**Records for the task:**

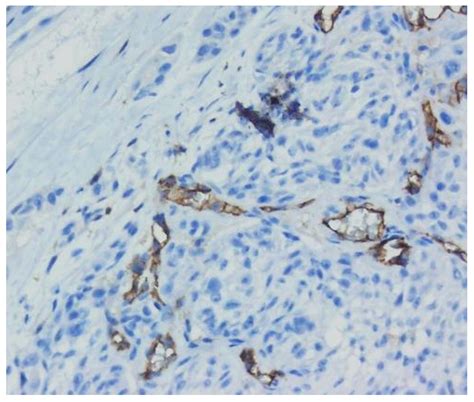Actualities in the Morphology and Immunohistochemistry of Cutaneous and ...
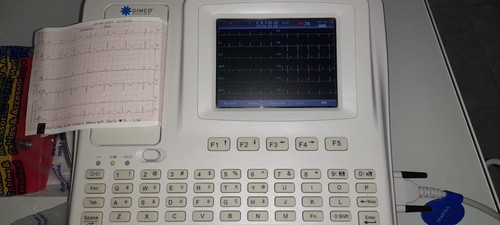 Elettrocardiografo con - elettrocardiografo,
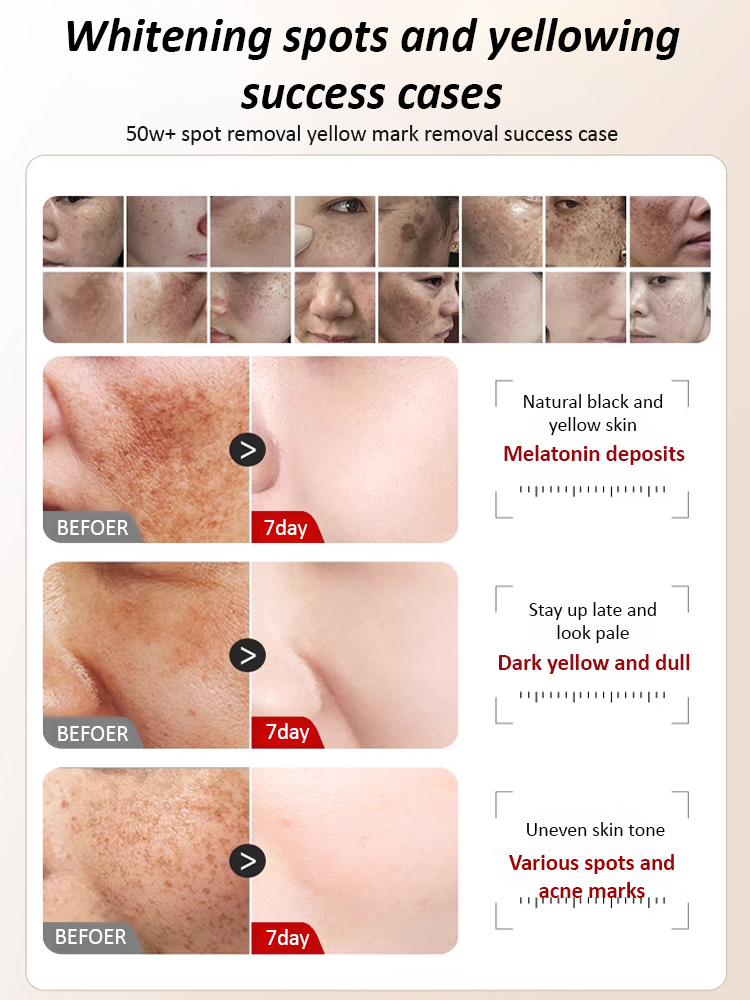 【15-day freckle removal】377 Whitening and freckle removal water light mask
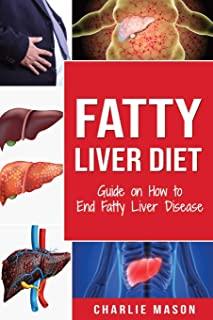 Fatty Liver Diet: Guide on How to End Fatty Liver Disease Fatty Liver Diet Books: Fatty Liver Diet (fatty liver diet for fatty liver Boo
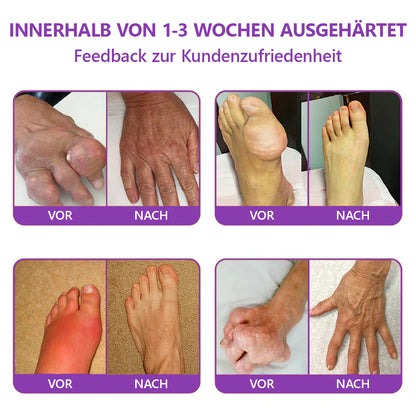 Offizieller Store: TLOPA® Hai-Knorpel Schmerzlinderndes Knochenerholungs-Gel👨‍⚕️ Von der BfArM zugelassen (5 Minuten Schmerzlinderung, 7 Tage zur Wiederherstellung der Gelenkbeweglichkeit, 4 Wochen für vollständige Heilung) 🔥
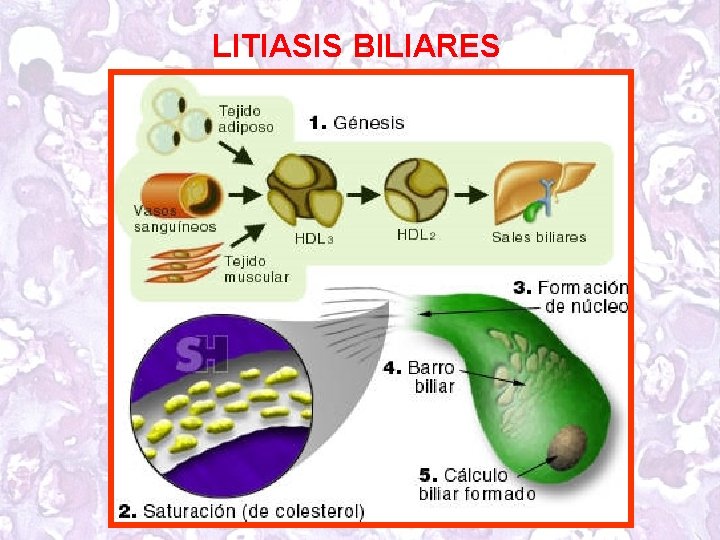 LITIASIS BILIARES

**Work item:**
The answer should contain every line of the material exactly as written and no pictures.

**Answer for the task:**
Actualities in the Morphology and Immunohistochemistry of Cutaneous and ...
 Elettrocardiografo con - elettrocardiografo,
 【15-day freckle removal】377 Whitening and freckle removal water light mask
 Fatty Liver Diet: Guide on How to End Fatty Liver Disease Fatty Liver Diet Books: Fatty Liver Diet (fatty liver diet for fatty liver Boo
 Offizieller Store: TLOPA® Hai-Knorpel Schmerzlinderndes Knochenerholungs-Gel👨‍⚕️ Von der BfArM zugelassen (5 Minuten Schmerzlinderung, 7 Tage zur Wiederherstellung der Gelenkbeweglichkeit, 4 Wochen für vollständige Heilung) 🔥
 LITIASIS BILIARES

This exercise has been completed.